Получив свою долю наследства в день совершеннолетия, Фавста жила у мачехи, замуж не стремилась и вела самостоятельный образ жизни: у нее были любовники, и брат, посещавший мачеху до отъезда своего в Азию с Помпеем (он обручился с его дочерью), подшучивал над Фавстой: «Удивляюсь, что моя сестра хранит пятно, когда у нее есть сукновал», намекая на двух ее любовников: Макулу, что по-латыни значит пятно, и Фульвия, сына сукновала.
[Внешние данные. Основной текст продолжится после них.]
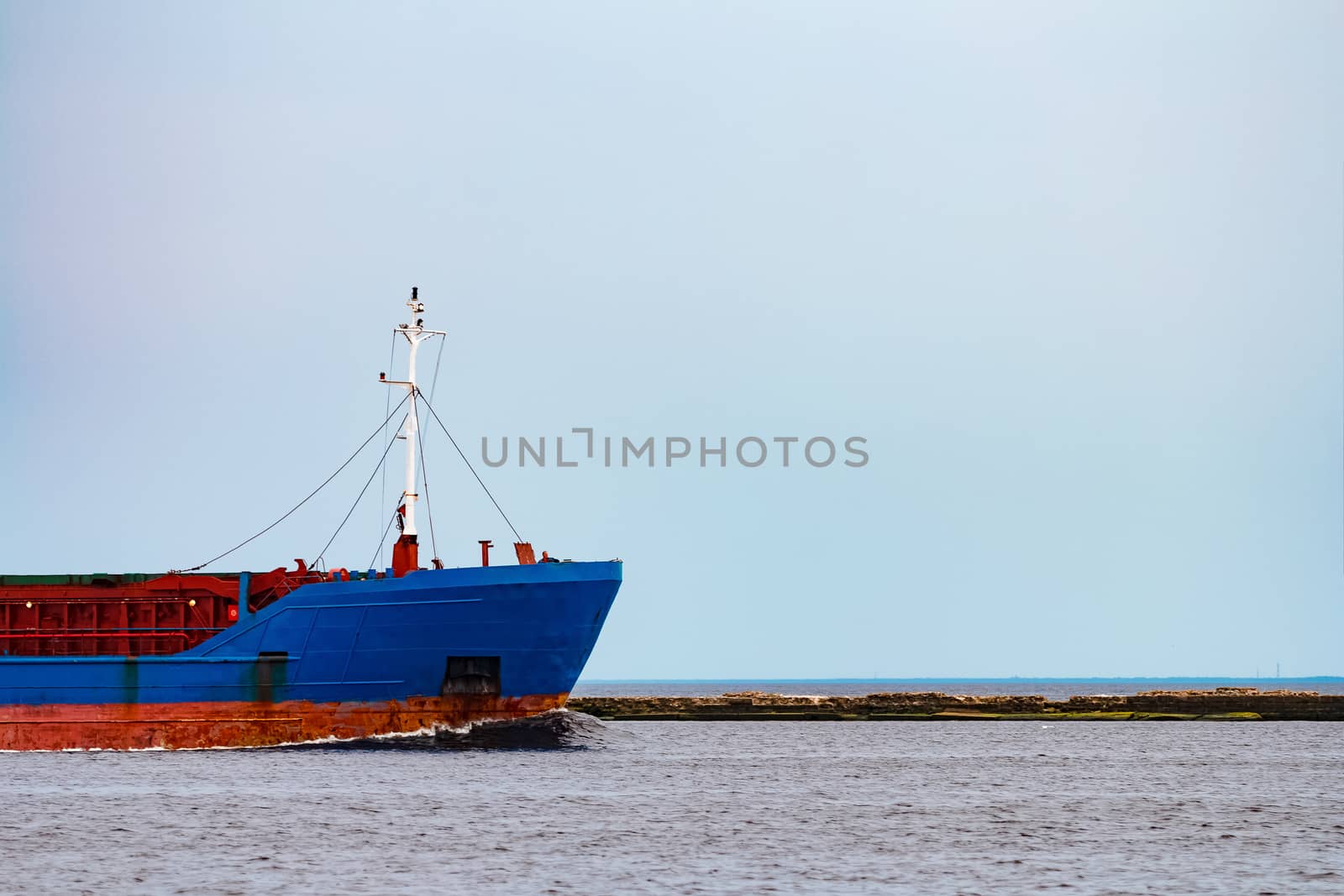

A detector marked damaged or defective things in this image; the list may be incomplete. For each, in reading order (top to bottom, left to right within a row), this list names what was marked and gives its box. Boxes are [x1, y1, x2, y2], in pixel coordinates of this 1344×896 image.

rusty red hull [0, 692, 568, 746]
На беззаботном лице Лукреция была скука, может быть, пресыщение. Эпикуреец, он посвятил жизнь удовольствиям, но они надоедали не хуже, чем тетрактида или пентаграмма пифагорейцев («Если основа бытия в числе, как учил Пифагор, — -думал Лукреций, — то основа любви в поле»); чревоугодие было возведено в наслаждение утонченными яствами: мышление — в созерцательность.

Подойдя к Лукуллу, он приветствовал его, похвалил роскошь атриума и, повернувшись к гостям, сказал, указывая на Аттика, со смехом в голосе:

— Если друг и почитатель знаменитого историографа и переводчика басен Аристида не забудет маленького поэта Тита Лукреция Кара, то, несомненно, упомянет о нем в своей переписке с Цицероном, иначе стрела Сребролукого поразит тебя в самое уязвимое место…

— Увы, — вздохнул Аттик, — не мне упоминать о тебе, знаменитом поэте. Мое имя поглотит Лета, хотя Цицерон и Варрон предсказывают противное… О, если бы ты захотел назвать мое имя в своей новой поэме, я стал бы бессмертным! Но — клянусь Зевсом Ксением! — не будем утруждать амфитриона скучными беседами…

Однако Лукулл, улыбнувшись, вымолвил:

— Вы забываете, друзья, о бессмертном труде нашего богоравного императора: его «Достопамятности» переживут тысячелетия, а слава о его подвигах и величественное имя будут сиять, как яркие звезды…

— Ты прав! — вскричал Мурена. — Имя его увековечено, и мы…

Слова его потонули в шуме голосов: вошли ученый и писатель Парфений, гистрионьг Эзоп и всадник Квинт Росций, историк Корнелий Непот и молодой поэт Катулл, сопровождавший Клодию, в которую был безумно влюблен и от которой не отходил ни на шаг.

Красавица Клодия, дочь Аппия Клавдия Пульхра, сестра жены Лукулла и супруга Метелла Целера, славилась на весь Рим необузданным распутством, и Цицерон, называя ее «волоокой Герой», «Медеей Палатинских садов», «Клитемнестрой», намекал на ее кровосмесительную близость с братом и с женой Лукулла, которую она совратила с. добродетельного пути матроны. И эта женщина осмелилась явиться в его, Лукулла, дом! Не хватало еще, чтобы она привела с собой изгнанную Клавдию!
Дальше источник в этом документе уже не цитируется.